[Illustration: PERSECUTION OF THE CHRISTIANS.]
Titus died the next year, and his son-in-law Tacitus, who wrote the history of those reigns, laid the blame on his brother Domitian, who was as cruel and savage a tyrant as Nero. He does seem to have been shocked at the wickedness of the Romans. Even the Vestal Virgins had grown shameless, and there was hardly a girl of the patrician families in Rome well brought up enough to become one. The blame was laid on forsaking the old religion, and what the Romans called “Judaising,” which meant Christianity, was persecuted again. Flavius Clemens, a cousin of the Emperor, was thus accused and put to death; and probably it was this which led to St. John, the last of the Apostles, being brought to Rome and placed in a cauldron of boiling oil by the Lateran Gate; but a miracle was wrought in his behalf, and the oil did him no hurt, upon which he was banished to the Isle of Patmos.
The Colosseum was opened in Domitian’s time, and the shows of gladiators, fights with beasts, and even sea-fights, when the arena was flooded, exceeded all that had gone before. There were fights between women and women, dwarfs and cranes. There is an inscription at Rome which has made some believe that the architect of the Colosseum was one Gandentius, who afterwards perished there as a Christian.

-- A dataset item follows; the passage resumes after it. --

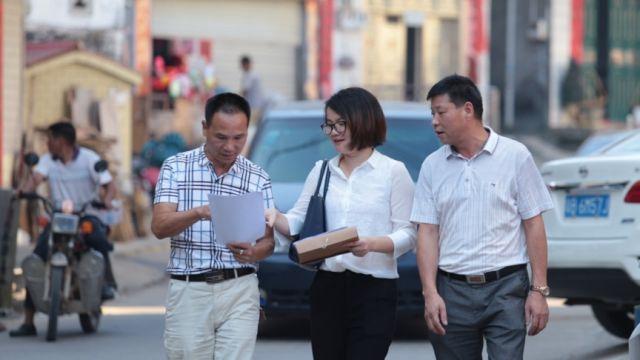 河源市车祸案律师，正义与专业的联手捍卫权益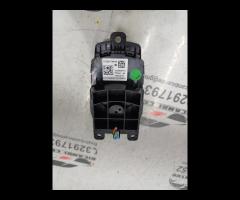JOYSTICK MULTIFUNZIONALE CONTROLLER BMW SERIE 1 F2 - 11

Domitian affronted the Romans by wearing a gold crown with little figures of the gods on it. He did strange things. Once he called together all his council in the middle of the night on urgent business, and while they expected to hear of some foreign enemy on the borders, a monstrous turbot was brought in, and they were consulted whether it was to be cut in pieces or have a dish made on purpose for it. Another time he invited a number of guests, and they found themselves in a black marble hall, with funeral couches, each man’s name graven on a column like a tomb, a feast laid as at a funeral, and black boys to wait on them! This time it was only a joke; but Domitian did put so many people to death that he grew frightened lest vengeance should fall on him, and he had his halls lined with polished marble, that he might see as in a glass if any one approached him from behind. But this did not save him. His wife found that he meant to put her to death, and contrived that a party of servants should murder him, A.D. 96.
[Illustration: COIN OF NERO.]
CHAPTER XXXIV.
THE AGE OF THE ANTONINES.
96—194.
Domitian is called the last of the twelve Caesars, though all who came after him called themselves Caesar. He had no son, and a highly esteemed old senator named Cocceius Nerva became Emperor. He was an upright man, who tried to restore the old Roman spirit; and as he thought Christianity was only a superstition which spoiled the ancient temper, he enacted that all should die who would not offer incense to the gods, and among these died St. Ignatius, Bishop of Antioch, who had been bred up among the Apostles. He was taken to Rome, saw his friend St. Polycarp, Bishop of Smyrna, on the way, and wrote him one of a set of letters which remain to this day. He was then thrown to the lions in the Colosseum.